Task goal:
With the pictures omitted, print exactly the lines below, from the one containing "Jennifer Aniston Called" through the one containing "Resesi Gingiva", and nothing else.

Input:
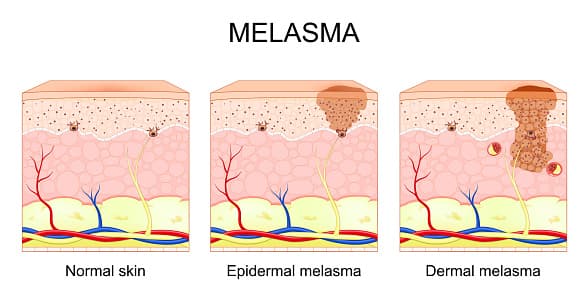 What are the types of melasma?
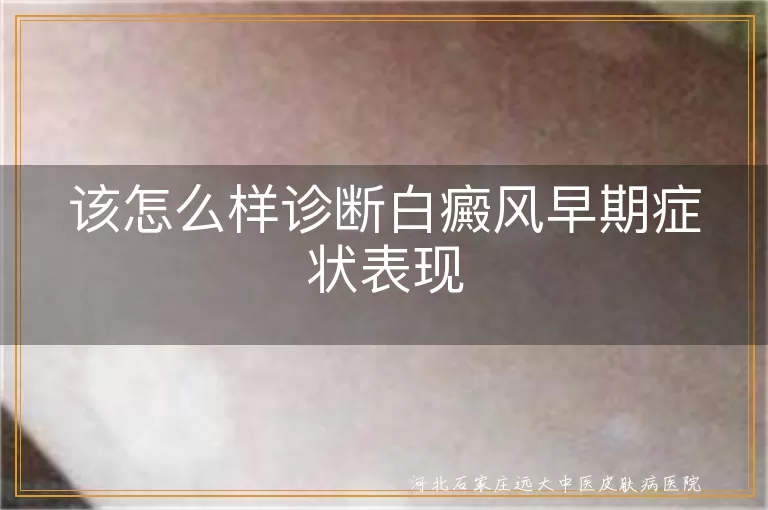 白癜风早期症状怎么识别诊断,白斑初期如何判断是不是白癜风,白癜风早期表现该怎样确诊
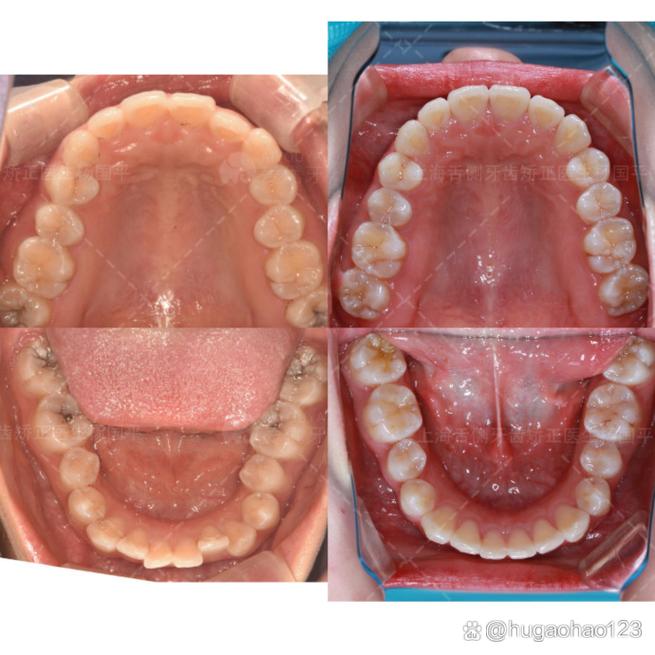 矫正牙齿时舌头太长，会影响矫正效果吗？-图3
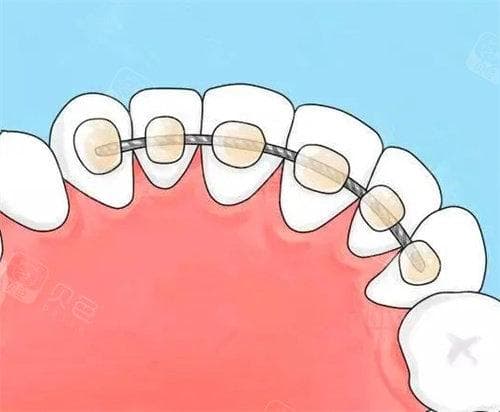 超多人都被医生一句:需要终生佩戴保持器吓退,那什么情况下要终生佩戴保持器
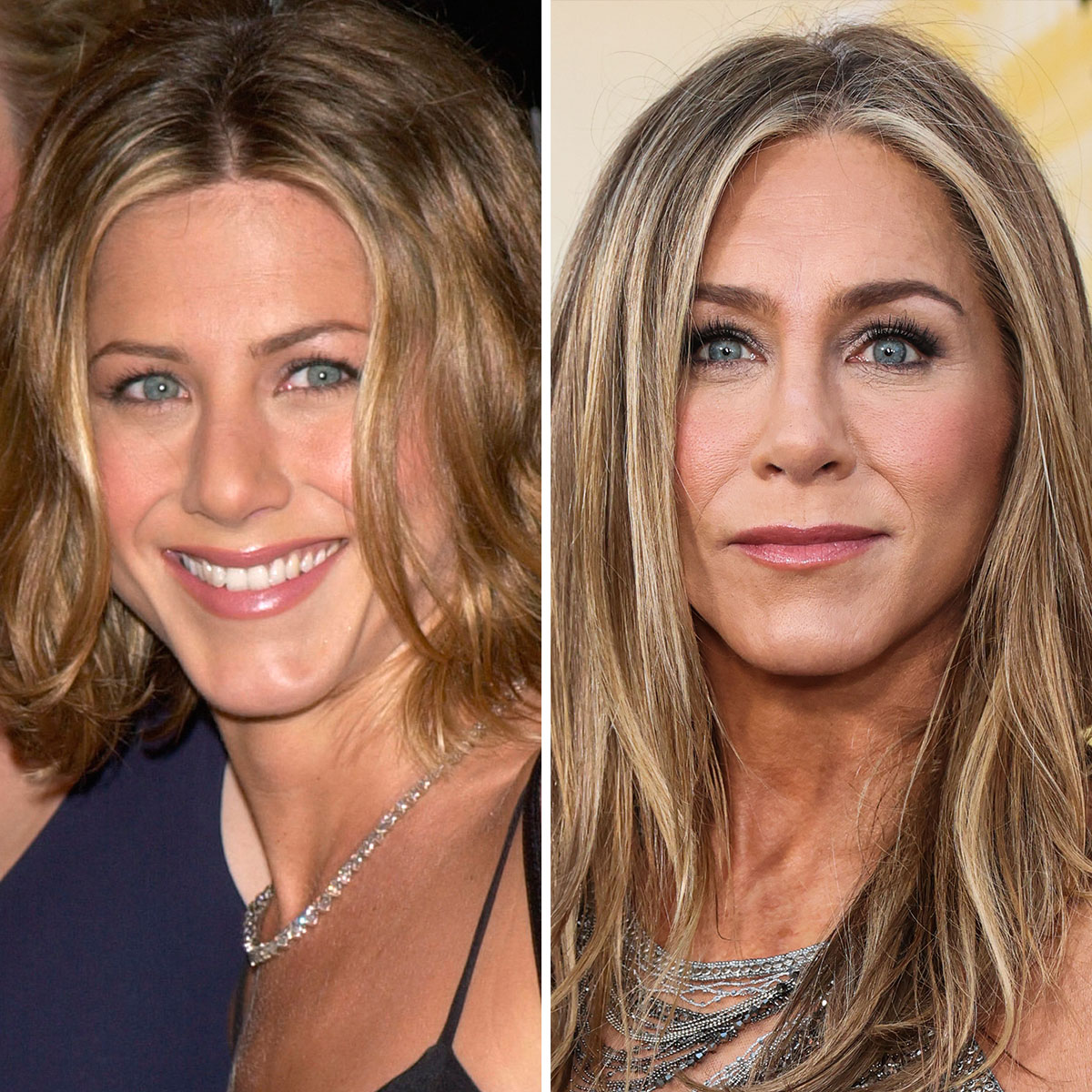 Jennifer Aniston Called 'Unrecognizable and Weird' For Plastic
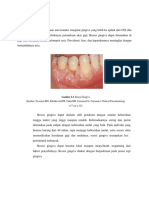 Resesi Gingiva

...

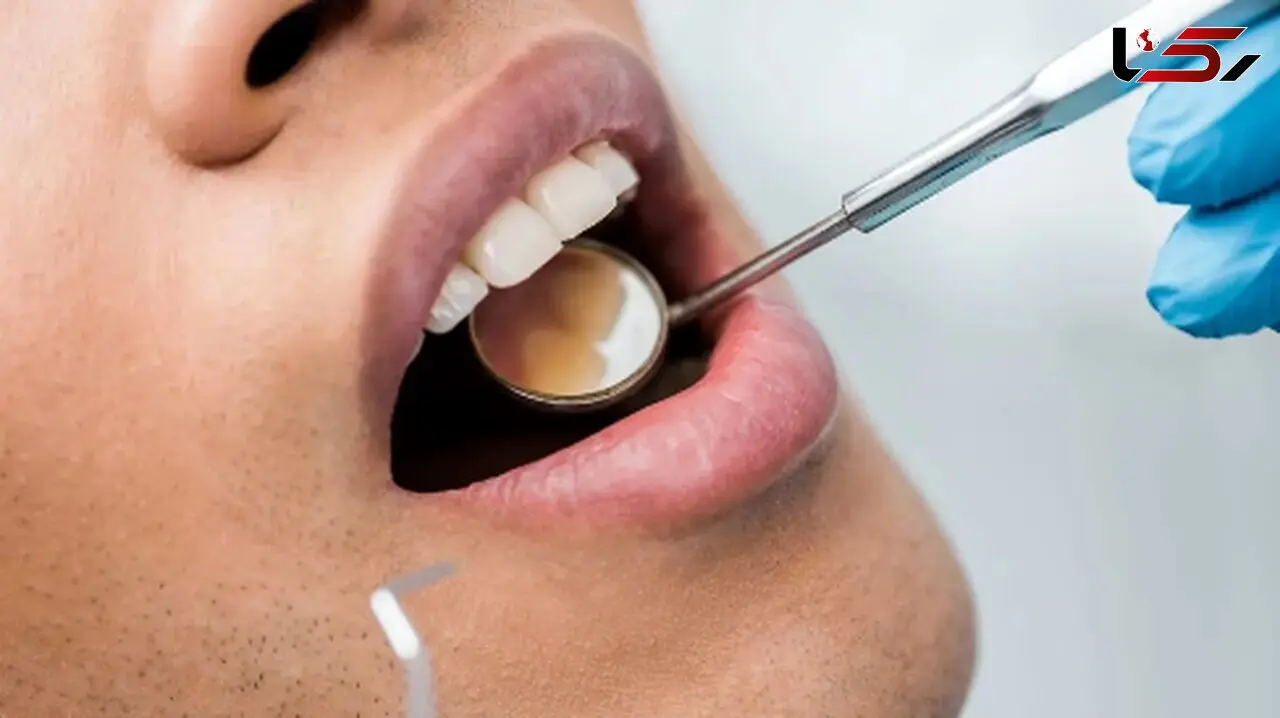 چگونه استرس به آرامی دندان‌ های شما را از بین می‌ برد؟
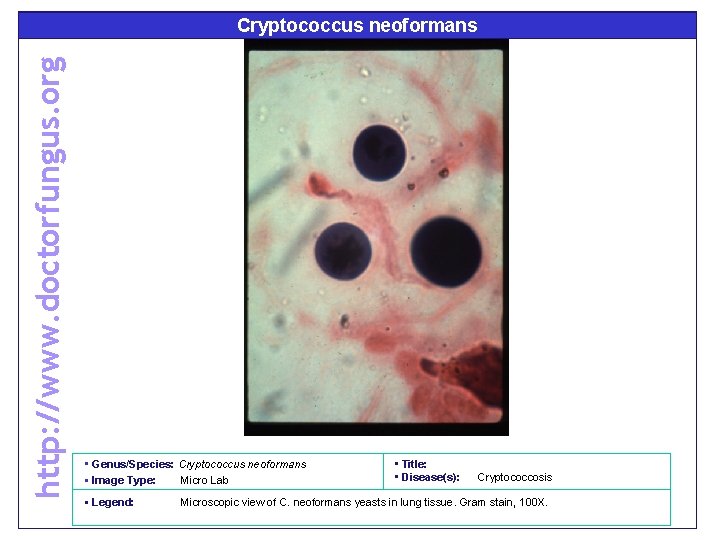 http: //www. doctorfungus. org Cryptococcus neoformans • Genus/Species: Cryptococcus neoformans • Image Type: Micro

Written answer:
 Jennifer Aniston Called 'Unrecognizable and Weird' For Plastic
 Resesi Gingiva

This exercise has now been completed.